Motif-based substrate mapping of the receptor-like cytoplasmic kinase BIK1 reveals novel components and regulatory nodes of plant immunity.

Plant cell surface pattern recognition receptors (PRRs) perceive non- or altered-self elicitors to induce immune responses. PRRs relay information across the plasma membrane and trigger downstream signalling via receptor-like cytoplasmic kinases such as BOTRYTIS-INDUCED KINASE 1 (BIK1). BIK1 associates with several PRRs and acts as a key executor of immune responses through the phosphorylation of substrate proteins. However, a comprehensive understanding of how BIK1 targets specific substrates and a full repertoire of these substrates are lacking.
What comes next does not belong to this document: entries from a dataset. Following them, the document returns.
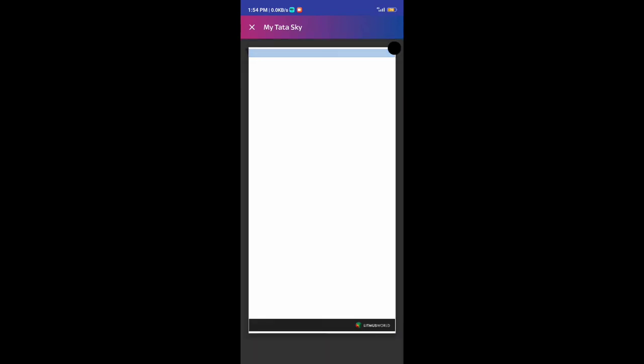If you want to add or remove channels, you can adjust the amount of your channel and add it to your wallet.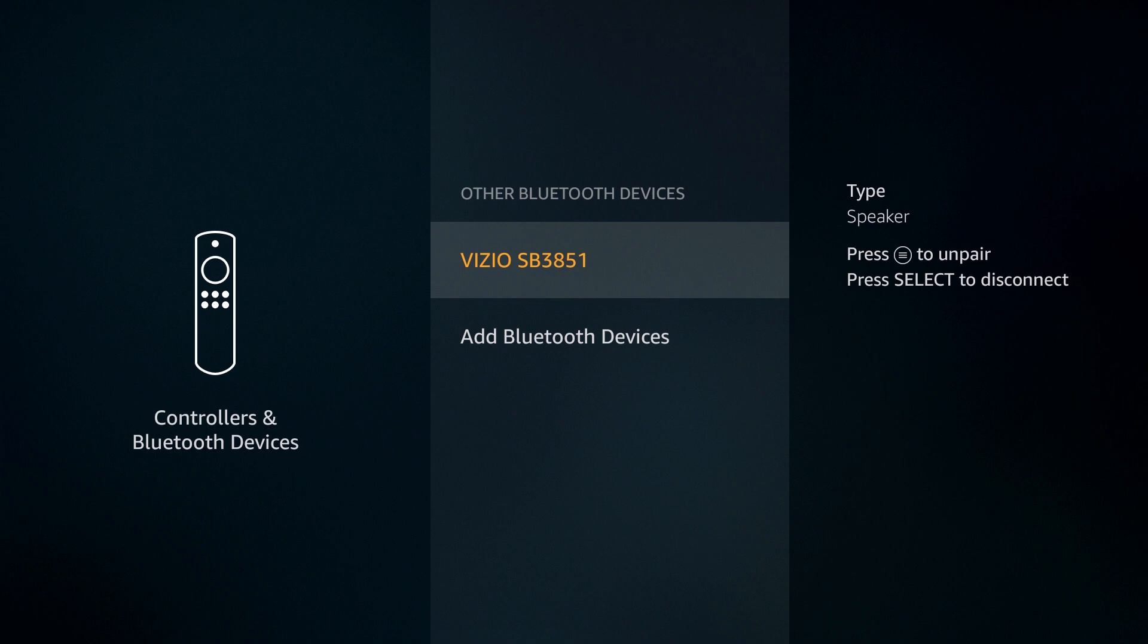But you can pair keyboards, mice, trackpads, headphones, Bluetooth speakers, and more. Not every Bluetooth device is compatible with the Fire TV devices, as you can see on the right side of this screen.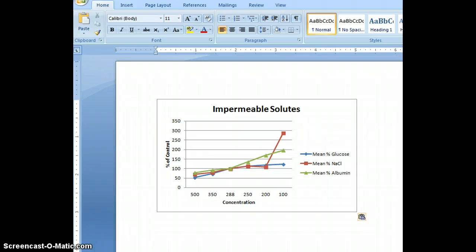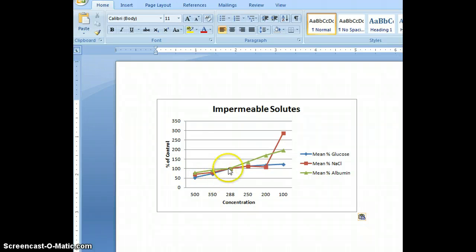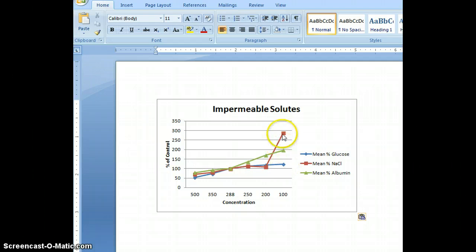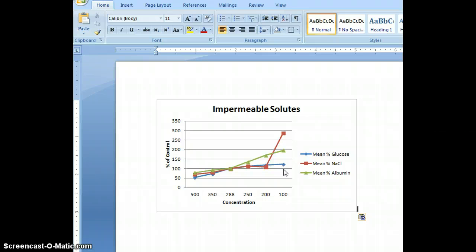Now we're going to do our stats. It's called an Analysis of Variance, or ANOVA. We're seeing how far these three points are varying from these three points — and from these, and these, and these. Just judging by how far those are apart, I'm guessing we're going to get a significant result on our ANOVA, which would indicate a p-value of less than 0.05.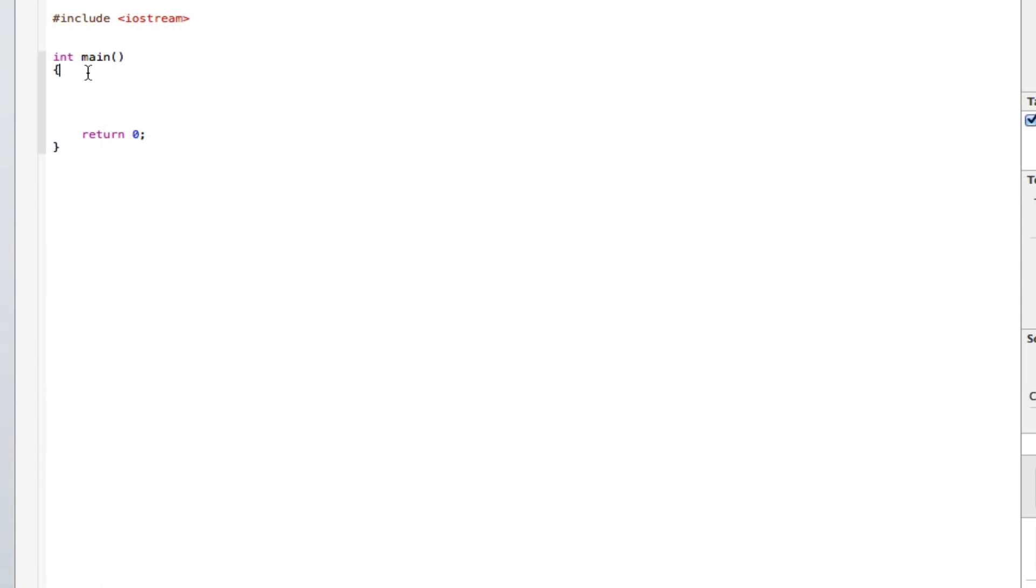Okay, I'm going to go here and type int a. And now the for statement.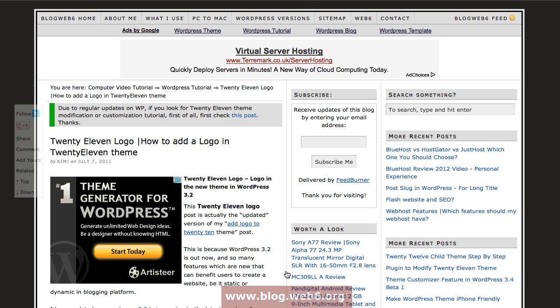Hey, welcome back to blog.web6.org. In my previous video I created a tutorial about how you can create a 2012 child theme in your WordPress blog. In today's video I'm going to add a logo, which is a PNG file, to my 2012 child theme.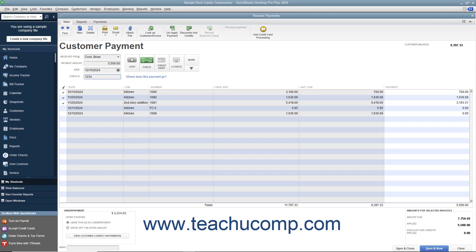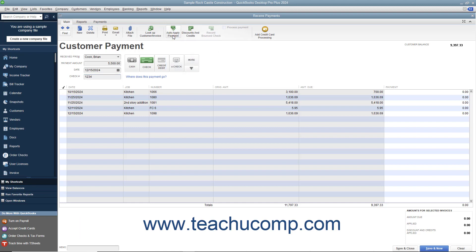Unpaid invoices will then appear at the bottom of the window. If you want QuickBooks to attribute the payment to anything other than the oldest invoice, click the Unapply Payment button in the main tab of the ribbon at the top of the window to clear the checkmark or marks from the selected invoice or invoices. In the listing of unpaid invoices, you can click into the white rightmost column and change the amount applied to the desired invoice by typing the partial payment amount.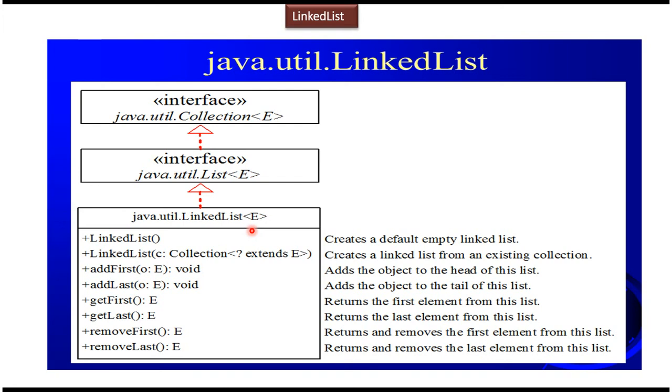LinkedList class has some additional methods like addFirst, addLast, getFirst, getLast, removeFirst and removeLast.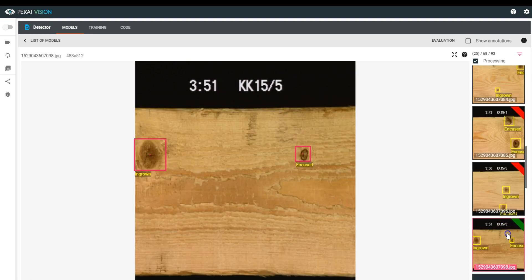As you can see here in the last picture, there is an ingrown and small encased knot. Therefore, the whole picture is evaluated as acceptable.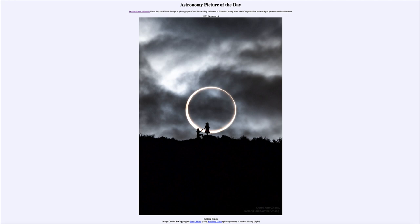Here we see a ring eclipse, also known as an annular eclipse. There appears to be a proposal going on in the foreground — something we don't know for sure — but it has to be a very well-planned image. As noted, the people had to travel some distance to be able to view the ring of fire eclipse that occurred on Saturday.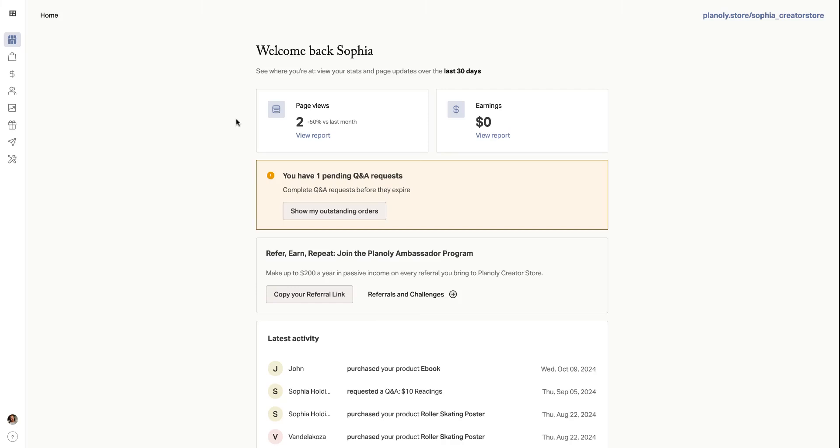Hey there! Welcome to this quick tutorial on how to set up and manage your Planoly Creator Store. In just a few minutes, I'll walk you through how to set up your products, design your store, and connect your payment method so that you can start selling with ease. So let's jump in.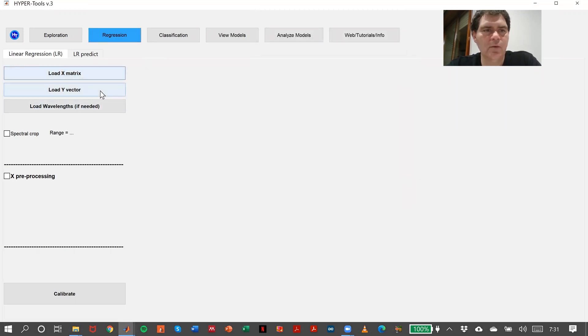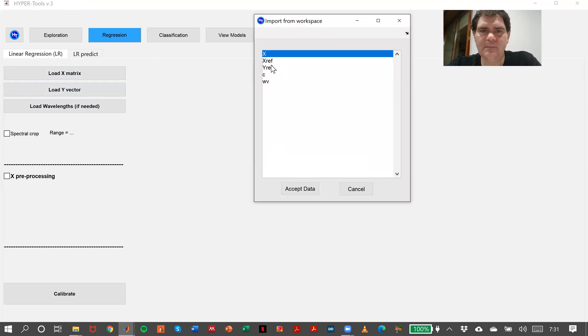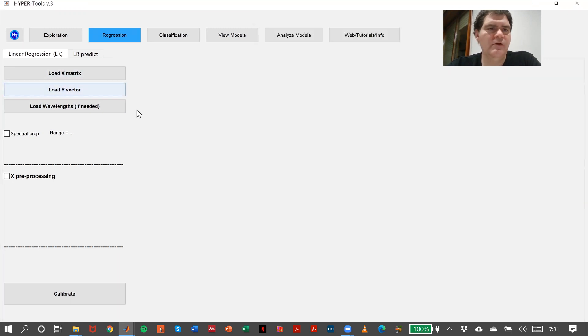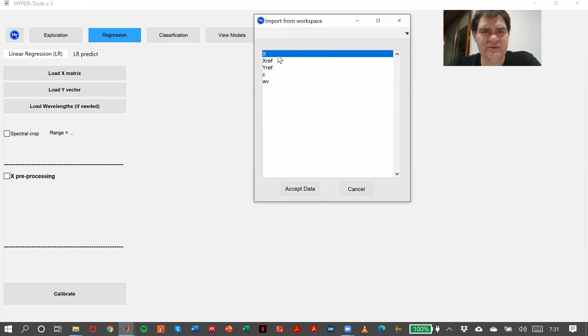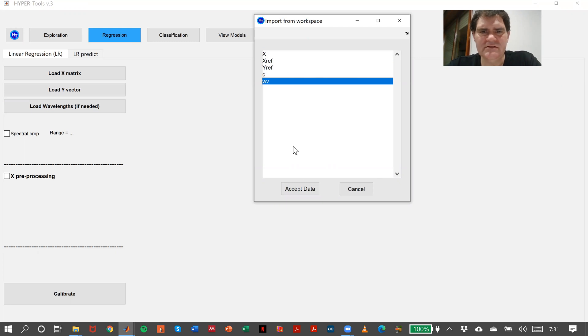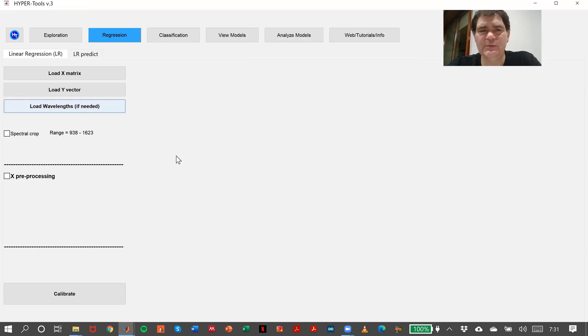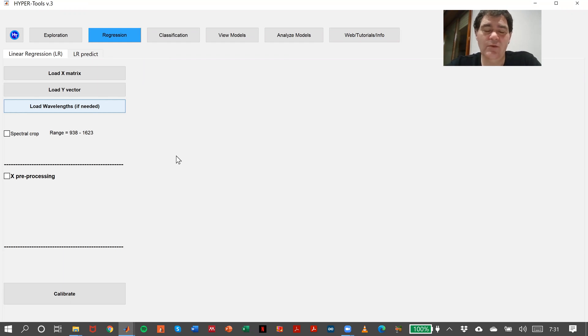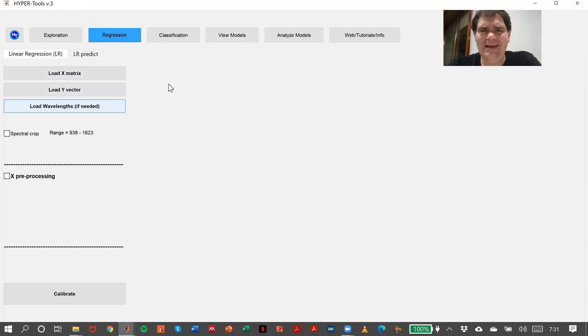Then Y vector, Yref, and the wavelength vector. As you can see, it's very similar to the classification tab. The only difference is we don't have the possibility of extracting from a standard image in our workspace because here we only use X matrices, and that's normally fine.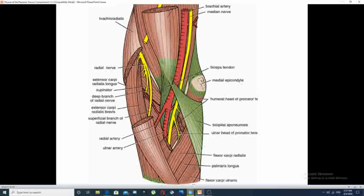You can also see part of the roof which has been dissected away from the area, showing only the bicipital aponeurosis. The floor is also visible, formed by the supinator muscle laterally and the brachialis muscle medially.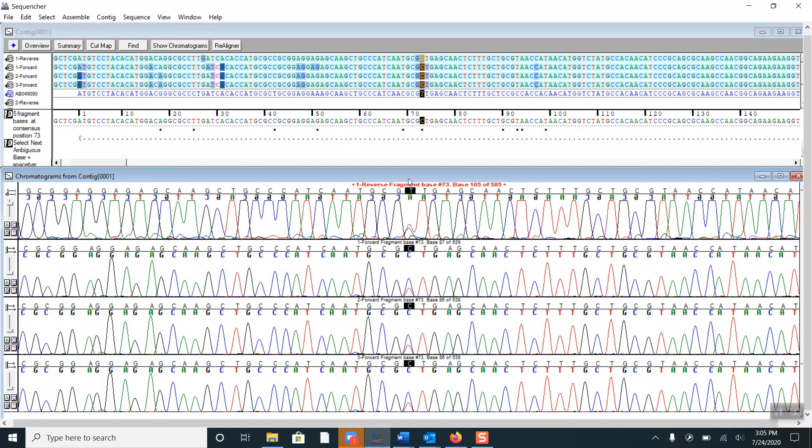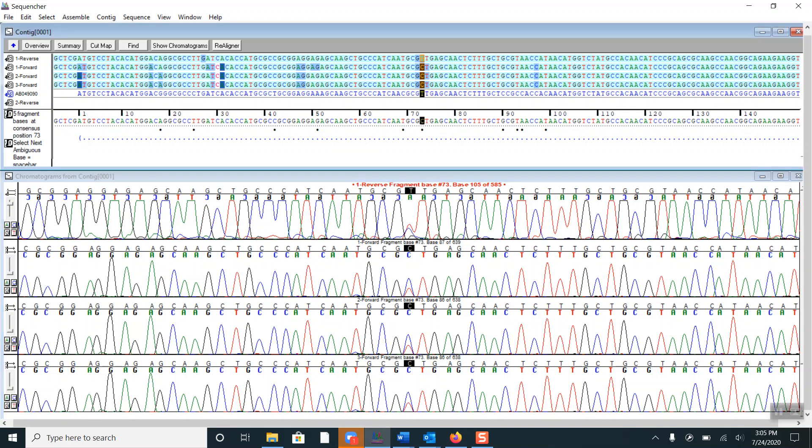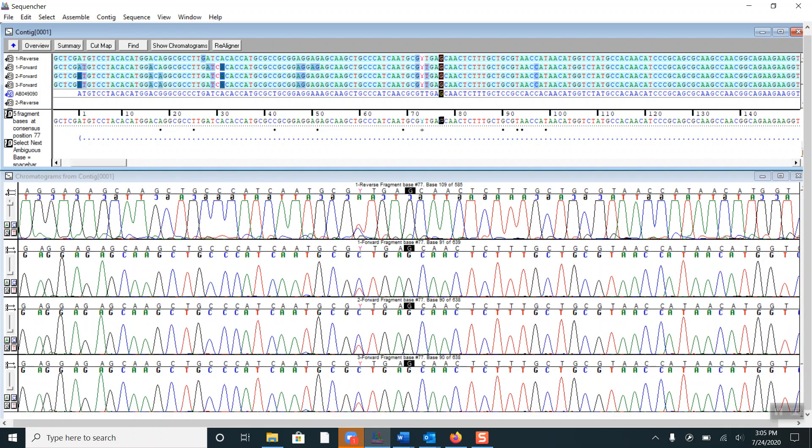So what we'll do is click on the consensus sequence and type Y, the ambiguity code for C or T, and this changes the base call in each of the fragments to Y. If I click to the side a little bit, you will note that the Ys are in magenta, which indicates that they have been edited in Sequencher.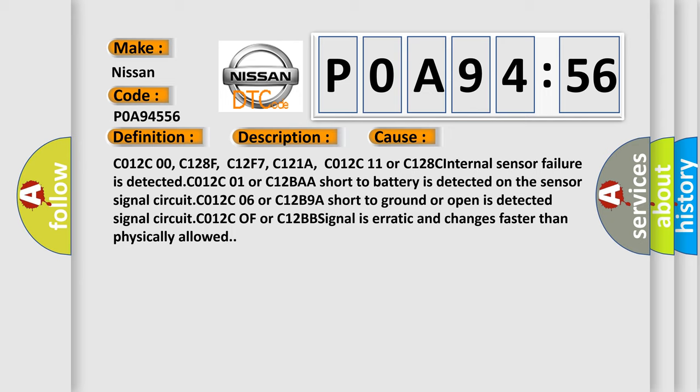C012C00, C128F, C12F7, C121A, C012C11 or C128C internal sensor failure is detected. C012C01 or C128BA short to battery is detected on the sensor signal circuit.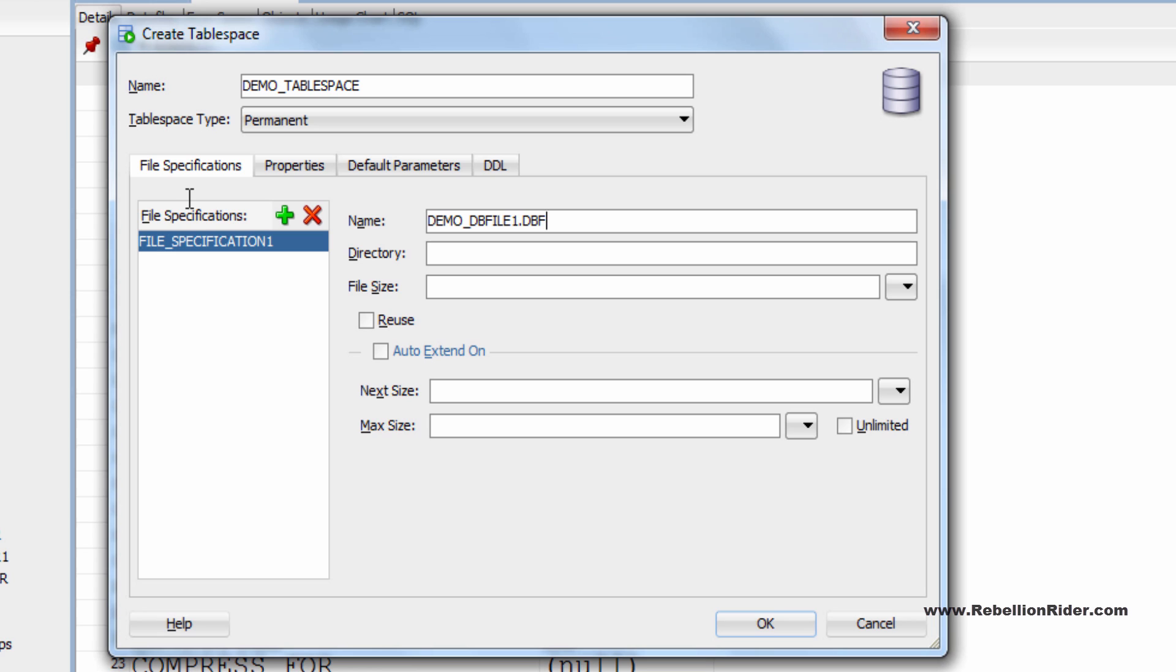Next text field is directory. Here you provide directory location in which your data file or temporary file get stored. It's an optional parameter. So if you do not give any location path then Oracle will place your data file at its default directory location. But I want to put my data file in a particular directory which I have been using in all my tablespace tutorials.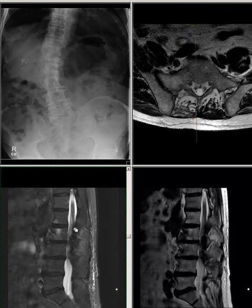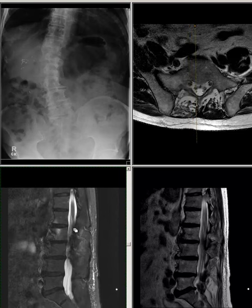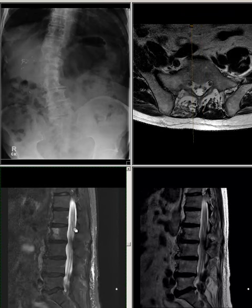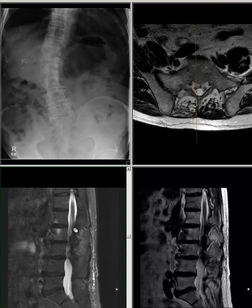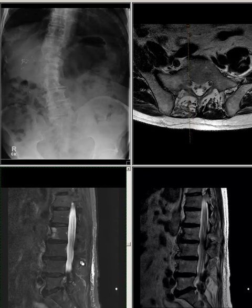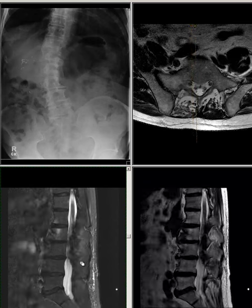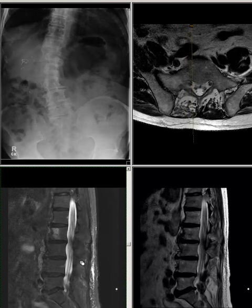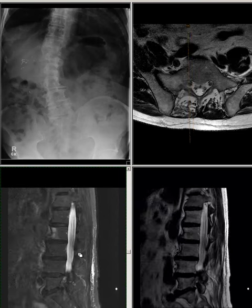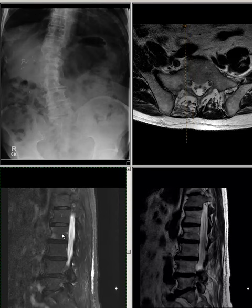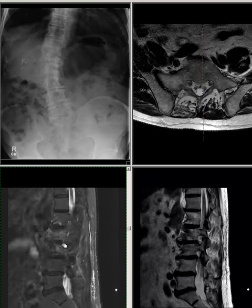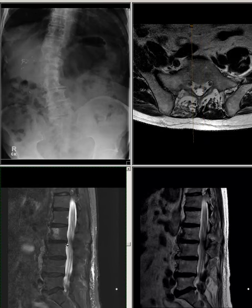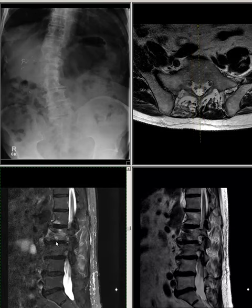The conus medullaris terminates at L1-L2 level with normal morphology and signal intensity. In alignment, 2 mm retrolisthesis of L2 on L3 is noted. There are Modic type 1 endplate changes at L1-L2 and L2-L3 levels, more prominent on the left side.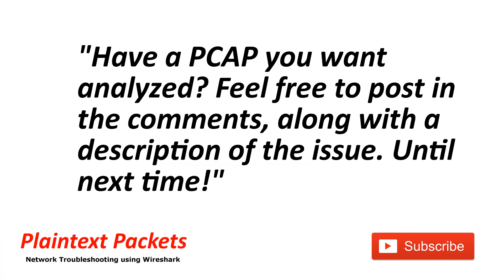That's it for this video. I hope you found this video useful. If so, please like and subscribe. Also, if you have an issue that you're working on and you would like to review the capture on the channel or get some advice, feel free to post a link to it below with the description, and I'll get back to you as soon as I can. Until next time.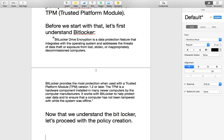TPM is actually a hardware component that is installed in many newer computers by the computer manufacturers. It works with BitLocker to help protect user data and to ensure that a computer has not been tampered with while the system was offline. This is just to maintain the integrity of the computer, the applications installed on it, and the basic system files.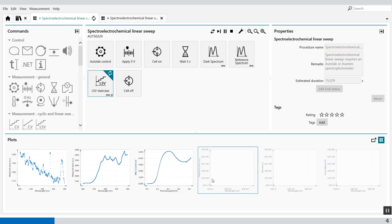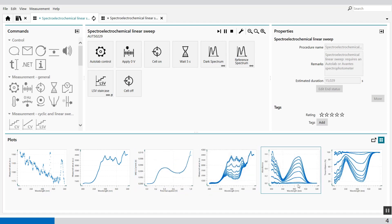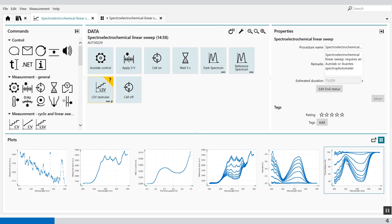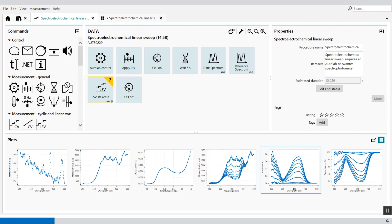And if the LSV is finished, you'll see the raw file, the absorbance, and the transmittance. So you already have the value available.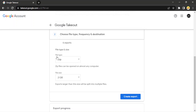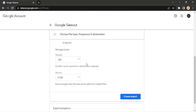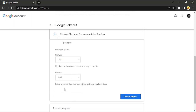Then set the file type — either TGZ or ZIP; I'm going with ZIP — and set the maximum file size, I'm choosing 1 GB. Then click on 'Create export'. Your download link will be sent to you via email, which you can use to download all of your data in just one click. That's it for this video, thanks for watching.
Here we defined the substrate specificity of BIK1 and used these data to predict candidate substrates in Arabidopsis. Using high-throughput biochemical and genetic screening of these candidates, we confirmed many as direct BIK1 substrates in vitro and novel regulators of plant immunity. Among the BIK1 substrates identified are MULTIPLE C2 DOMAIN AND TRANSMEMBRANE REGION PROTEIN 3, which we reveal regulates flagellin 22 (flg22)-induced plasmodesmata closure and immunity, and members of the largely uncharacterized CYCLIN-DEPENDENT KINASE-LIKE family, which we uncover as novel negative regulators of immunity. In parallel, we interrogated intracellular NUCLEOTIDE-BINDING LEUCINE-RICH REPEAT (NLR) immune receptors for potential BIK1 phosphorylation motifs and identified multiple NLRs as direct BIK1 substrates. We reveal that BIK1 phosphorylation regulates NLR oligomerization, thus controlling a key activation step for these immune receptors. Together, our unbiased biochemical screens shed light on the central role of BIK1 as a key kinase shaping multiple layers of plant immune signalling.